The Twilight Sad's James Graham on Scott Hutchison and It Won/t Be Like This All the Time

As they prepare to release their fifth studio album, It Won/t Be Like This All the Time, The Twilight Sad’s James Graham talks to The Skinny about one of the band’s most tumultuous and eventful years yet

Feature by Susan Le May | 16 Jan 2019
  • The Twilight Sad

Last year The Twilight Sad were preparing the follow-up to 2014’s incredible Nobody Wants to Be Here and Nobody Wants to Leave, the record that piqued the interest of none other than The Cure’s Robert Smith. The band augmented their line-up with long-time contributors Brendan Smith and Johnny Docherty, adding Sebastien Schultz on drums after the departure of Mark Devine. Singer James Graham became a father in May, and days later lost one of his closest friends and most important musical brethren.

Shortly after the passing of Frightened Rabbit's Scott Hutchison, The Twilight Sad returned with a live set at Primavera Sound festival in Barcelona. It was one of the most powerful and heartbreaking performances they’ve ever given. "The crowd were amazing that day," recalls Graham. "If I’m really feeling it, if I’m struggling, the crowds have been getting us through it big time, and that’s every night, but none more so than that gig. That was a real marker point of knowing we’re not in it alone, there are people that know who we are and care about it. It was eye-opening."

Graham admits to being petrified. It was the group’s first show in two years, the first with all new members in place (alongside himself and Andy MacFarlane), new songs and new equipment. But, most importantly, it was the first time they’d played Keep Yourself Warm, a Frabbit cover that has taken on so much weight – now the anthem for a communal heartbreak, a sign of hope that something carries on amidst the sadness.

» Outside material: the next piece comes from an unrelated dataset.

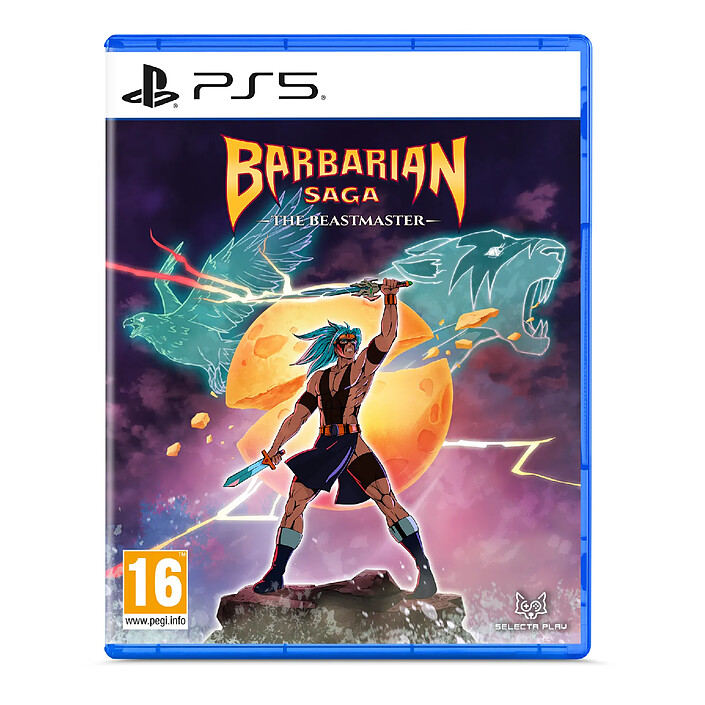 Barbarian Saga The Beastmaster PS5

"That was the major worry for me, just making sure we did it proud," Graham says. "I know how I reacted and I can’t imagine that’s an easy [performance] for anybody to watch if they know me and they know Frightened Rabbit and they know what it means. The whole point was to keep singing Scott’s songs but to also show people that it’s alright to feel that way. If I can go up on a stage like that and let it out, I think it showed people that you shouldn’t be ashamed to show your emotions, to tell people, to talk. That’s the thing that I’m taking away from all of this, is that we need to be more open with each other."

Over the following months, it became a staple in the set, each performance more enchanting and gut-wrenching than the last. The band toured for months in the US and Europe, to bigger and more enthusiastic crowds than ever before. Repeatedly, Graham would exorcise the still-raw pain of his loss on stage, while his young family were home in Scotland or making brief visits at points along the road. It’s little wonder he’s exhausted, as he relaxes at home in Glasgow with his wife and son for the first time in months. It’s nearly Christmas and it’s the calm before the storm of the new album coming out. The forthcoming weekend, he’s performing with Frightened Rabbit at the Glasgow leg of charity event Sleep in the Park – it’s the first time Frightened Rabbit will have played since the devastating departure of their singer and chief songwriter.

"I know a little bit how it’s going to feel but it’s going to be times a million because I’ll look round and I’ll see Grant [Hutchison], Billy [Kennedy] and Andy [Monaghan]," he says. "We rehearsed Keep Yourself Warm when we were in the rehearsal studio and that was very hard but you got to a point where you were okay with it. But as soon as you get in front of people, so many more emotions overtake you. With the crowd that are going to be at that show, it’s going to be everybody in it together. It’s going to be really hard but there’s going to be pretty beautiful moments as well.

"I think we’re all going to remember a lot, we’re all going to cry a lot, but we’re all going to come out of it feeling like hopefully we did him proud again. It’s horrible what’s happened and we’re all still going through it and I don’t think I’ll ever be able to get through it, and I don’t want to either, to be honest. The moments that I have been remembering a lot, I go through ups and downs with it, I just think of all the amazing times. When I listen to his music, I just remember he loved doing that and that’s a massive positive to me. Hopefully, when we go out there and we sing his songs, we think about all the amazing things that he’s done and what an amazing person he was and that’s to be celebrated."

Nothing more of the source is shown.